Paweł Piwosz

Posted on Nov 14, 2022

SBOM with ScanCode.io

#sbom #cybersecurity #compliance #process

So, we know what SBOM is and why it is more and more important that we should generate it. It is time to go into some tools which can help us to create and validate reports.

I have not very deep experience with SBOM tools. However, what I heard and learned so far, is that this area is still not fully covered. Besides standards and approaches, if we want to have operational pipeline with all its elements, we need to play with existing stuff a little more than we would like.

The first tool we discuss here, is ScanCode.io.

The tool

What is ScanCode?

Simply speaking, it is a scanner and code analyser tool which allows to scan codebase for origins and licenses. In general, ScanCode collects information about components and their licenses during the Software Composition Analysis (SCA) process.

Installation

ScanCode has a few option of installation, we cover here container version. When we clone the repository

$ git clone https://github.com/nexB/scancode.io.git

we should create the .env file, using prepared Makefile

$ make envfile

This will create the file and secret. In my case it looks like this

$ cat .env
SECRET_KEY="Rxg+cZJQDOdinwXAPc/D2d2QyEODpl5xz4NJp5f/aSSDmf106a"

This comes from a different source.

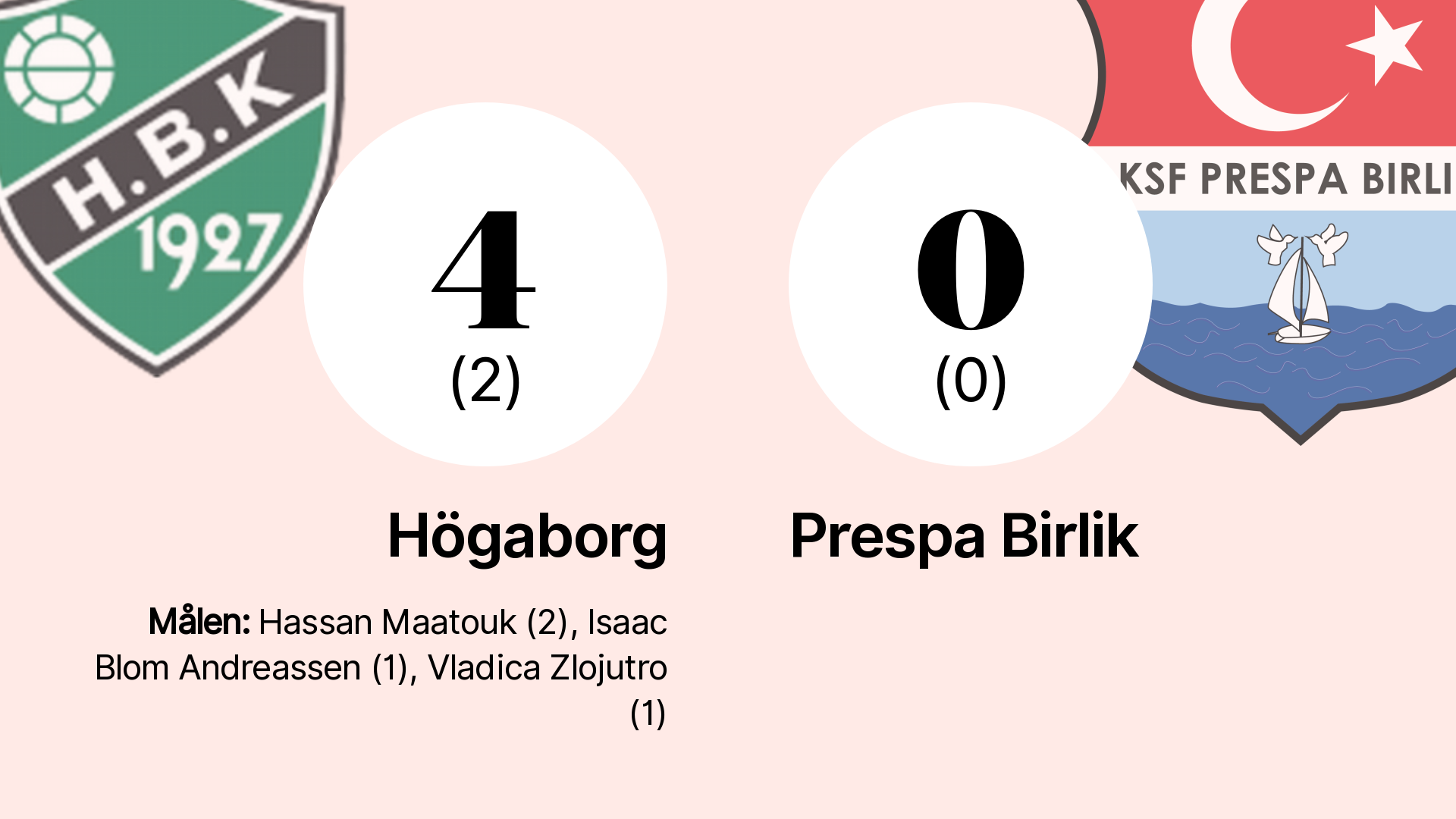 Prespa Birlik Föll Mot Högaborg På Bortaplan – Sydsvenskan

We are ready to build and run the tool.

In fact, we have docker-compose template in our disposal. This template contains a few elements

db (postgres)
redis
web (app)
worker
nginx

Obviously, Nginx is our entry point. Behind it the app is working with workers (where the actual scans are executed). On the end we have Redis and PotgreSQL to keep data.

Build and run

This part for all of us who knows docker is simple and clear. First, we need to build the containers

$ docker-compose build

In fact, only app container is processed in this step. However, the build process takes a lot of time. And the image is quite huge

$ docker images
REPOSITORY          TAG             IMAGE ID       CREATED          SIZE
scancodeio_web      latest          a6a6380ef6f8   34 seconds ago   2.31GB
scancodeio_worker   latest          a6a6380ef6f8   34 seconds ago   2.31GB

When build is finished, we are ready to run our stack

$ docker-compose up -d

And here we have some issue (well, maybe "issue" is a little bit too big word). Compose exposes ports 80 and 443 for Nginx service, but the Nginx server is configured for port 80 only.

GUI

When the stack starts, we can go to GUI console in the browser, by entering http://localhost:80.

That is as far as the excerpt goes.